Monday, May 18, 2015

Monday

I'm writing this mid-afternoon, right before hitting the road north to Nashotah House. It will be a busy week, with the installation of the new dean, commencement, and trustees meetings. My time will not be my own, and there will be no wifi connection in my lodging, so I'm just going to say now that I won't be posting daily accounts of my doings. There may be occasionally something on Facebook, so follow me there, if you'd like. Then, next weekend, we're having some extended family time in Door County, WI. So I'll be back to regular posting here on Tuesday the 26th.

Sunday, May 17, 2015

Seventh Sunday of Easter

Back home from Cairo--the town that's closer to New Orleans than it is to Chicago, and I'm not just talking about geography. Four years ago, the Church of the Redeemer was all but dead. Today's attendance was 44. We baptized a family of four, confirmed two and received two. Delicious potluck meal (best chicken and dumplings ever) in the parish hall afterward. Redeemer is now a growing, multi-ethnic community that is modeling the sort of racial reconciliation that Cairo has so sorely needed. Yes, Christ is risen. Cairo is, of course, the longest jaunt on my circuit. We pulled away just before 12:30 and arrived home just past 4:30.

Sermon for Easter VII

Redeemer, Cairo--John 17:11b-19, Acts 1:15-26

What a great day! We’re still basking in the afterglow of yesterday’s festivities. This is a time of new beginnings. Yesterday we celebrated the relationship between Father Muriuki and the people of this congregation. Today we celebrate new promises made, new vows taken, and new relationships established as we baptize and confirm an impressive group of people! And all of this happens within an environment among the Christian community of Cairo and the surrounding areas that has seen a lot of stress and a lot of change over the last several years. I am aware that there are those among us today who have, in effect, lost their church home, and while I rejoice that you are finding a new one here at Redeemer, I nonetheless also share your grief over what you have had to let go of. In an environment like this, where lots of difficult choices and decisions get made, one could be forgiven for assuming that the Church—any particular church, and the whole Church in general—we could be forgiven for concluding that the Church is a voluntary association of like-minded individuals—that the Church is a religious club, a faith-based version of a fraternity, or service club, or an athletic league, or a professional or trade association. If the purposes and activities of the organization appeal to you, you can decide to join it. Of course, once you join, it’s only fair that you pay your dues, and support the group financially. A few really enthusiastic members take on leadership roles, and become officers. And, if you get disenchanted, or burn out, or have a tiff with another member, you can find another chapter or club, or maybe even just quit the whole thing entirely. And when we allow ourselves to think this way, of course, then we have a hard time escaping the notion that the Church is an institution, the ultimate goal of which is simply to perpetuate itself, to continue to exist. We may have lots of concrete and measurable goals; we may have elegantly crafted mission statements hung up on banners in the parish hall, as some churches do—but as long as we think of the Church primarily as an institution that is concerned with perpetuating itself, all these goals and mission statements are simply practical means to an end. They become sacramental signs, not of the gospel, but of articles of incorporation and by-laws and policies and all that technical, lawyerly stuff.  Now…if that doesn’t inspire you to go out and die the death of martyr, then what will, eh?!

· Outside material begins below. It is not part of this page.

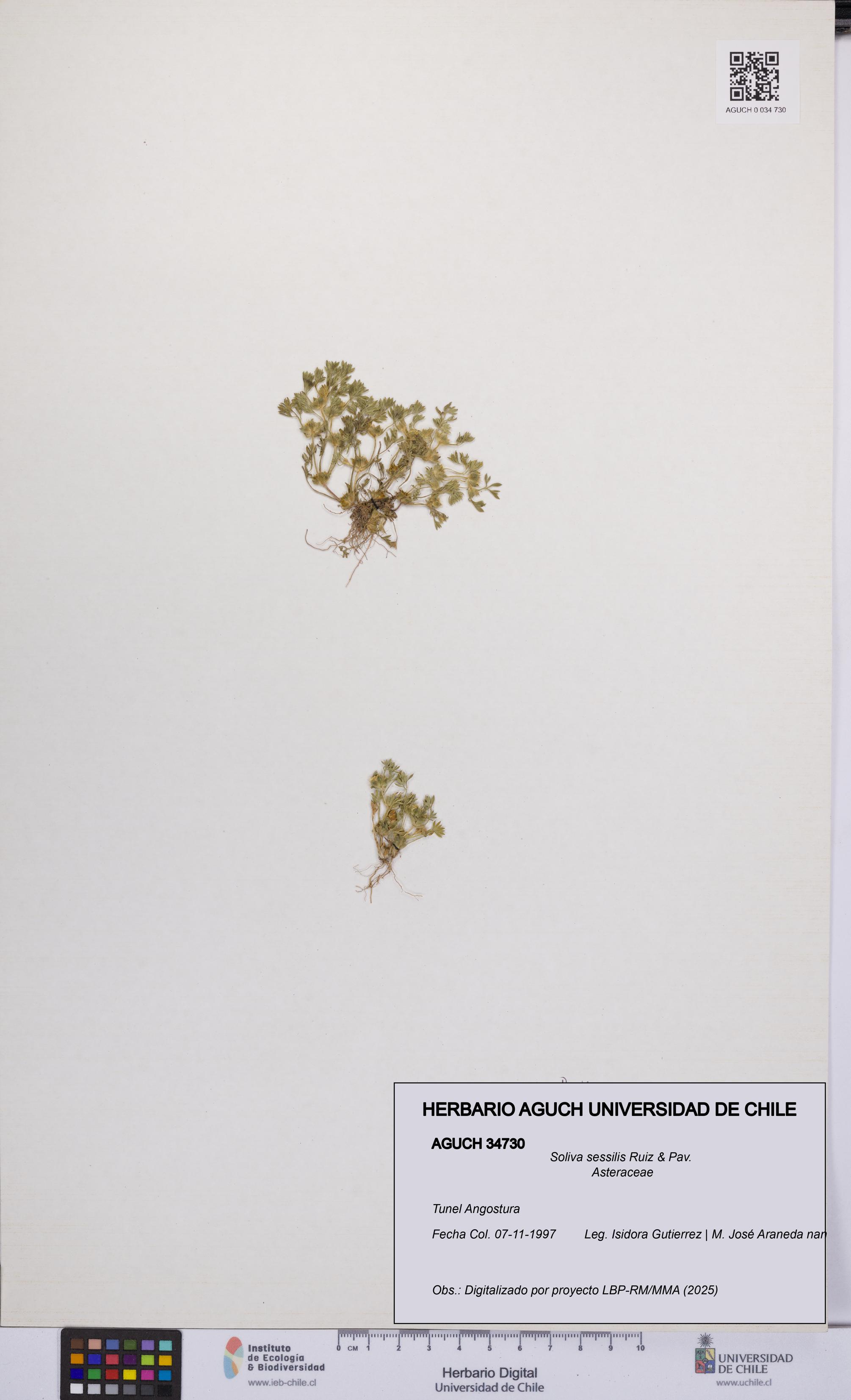 Soliva sessilis [Espécimen: UCH:AGUCH:0034730]
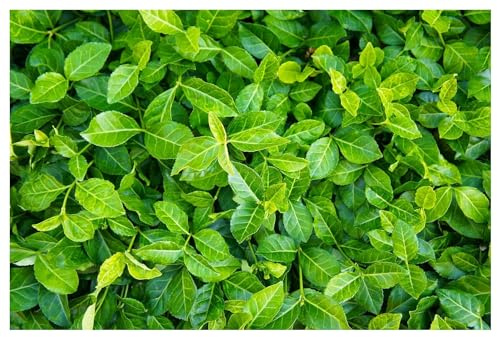 Stauden Gänge 10 x Euonymus fortunei 'Coloratus' Purpur winterhart | Purpurner Bodendecker für Sonne bis Schatten, Blüte Mai bis Juni, mehrjährig, 9x9 cm Topf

Well, there’s this biblical text that the scholars call the “high-priestly prayer” of Christ, and, in a way, it reins us in from thinking of the Church too much in institutional terms. This prayer takes up a long portion of John’s gospel, and, within that sequence, it takes place at the Last Supper, on the eve of our Lord’s crucifixion. It was a sort of farewell address, a valedictory invocation. God the Son was interceding—as a high priest—Jesus was interceding with God the Father, petitioning the Father for the sake of his followers—not only the twelve who were with him in the upper room, but all who would come after them, including us. Jesus is asking the Father to preserve us and protect us and guide and direct us.
Holy Father, keep [the ones you have given me] in your name, which you have given me, that they may be one, even as we are one.
Jesus knows the hostile and challenging environment into which he is about to send his disciples, and he wants a blanket of divine protection to cover them and inspire them and call them to be all that they are meant to be.
I have given them your word; and the world has hated them because they are not of the world, even as I am not of the world. I do not pray that you should take them out of the world, but that you should keep them from the evil one.
In this high-priestly prayer, Christ reminds us that it is God who writes the Church’s mission statement. It is God who sets the Church’s goals and mobilizes her resources. Jesus prays,  
As you sent me into the world, so I have sent them into the world. And for their sake I consecrate myself, that they also may be consecrated in truth. 
It is God who casts the vision for His Church; it us God who incites His Church to a passion for that vision, and it is God who delivers the marching orders. God energizes and sustains His church-in-mission.
This is itself a lofty vision. It is not for the faint-hearted. It invites us to change our thinking. It invites us to change our attitudes in some very fundamental ways. The most important of these attitude changes, I would say, you all have, for the most part, already begun to work on. So keep it up! What I’m talking about here is getting rid of the idea that the “people in the pews” are the “consumers,” and that the clergy—and in the case of Redeemer, his family!—are the “providers” who try to please their constituency, the consumers. This, my friends, is the picture of a community that is way too interested in technicalities, and is not availing itself of the blanket of providential care that Jesus prayed for. That’s the image of a cruise ship, where the crew members serve the passengers. In fact, though, if the Church is a cruise ship, there are no passengers. You’re either a crew member … or a stowaway. And the stowaways are always welcome to join the crew!

Ultimately, when the details are boiled down, the mission of the Church—and the mission of each individual member of the Church, is to be a witness-bearer. We are witnesses to the world that Christ is risen from the dead, that death and evil are conquered, and that life has meaning. We are witnesses to the good news that God’s love has the last word in every situation that a human being can face. The Church is a sign that there is never a lack of witnesses to the resurrection of Christ. This is what the election of Matthias to replace Judas in the company of the twelve apostles is about. On a smaller scale, the election of any bishop is a token of this assurance that the risen Christ will never want for witnesses—which means that there will always be a consistent message of healing for those who are sick, deliverance for those who are addicted, forgiveness to those who are regretful, relief and freedom for those who are enslaved to work or wealth, companionship for whose who are lonely, and fidelity for those who are wounded by betrayal of trust. Whatever we do or say as the Church—locally, nationally, or globally—it is our faithfulness to this witness-bearing mission, not whether we adhere to our by-laws, that is always the standard of our success.
Alleluia and Amen.

Saturday, May 16, 2015

Saturday

The induction and installation of Fr James Muriuki as Priest-in-Charge of Redeemer, Cairo was a rip-roaring celebration. Over 90 people in the room, including a great turnout of diocesan clergy and laity from as far away as Bloomington and Champaign, a representative ecumenical sampling of local clergy, which included the mayor of Cairo. After the Spirit-filled liturgy, there was superb local BBQ under a tent in the churchyard, which was procured in anticipation of the need for shade but ended up being needed for shelter in the midst of ever-increasing rain. In due time, we made out way to our hosts for the night, parishioners Burt and Emma Gruchy, who live in the country near Anna and Dongola. A very pleasant place to unwind.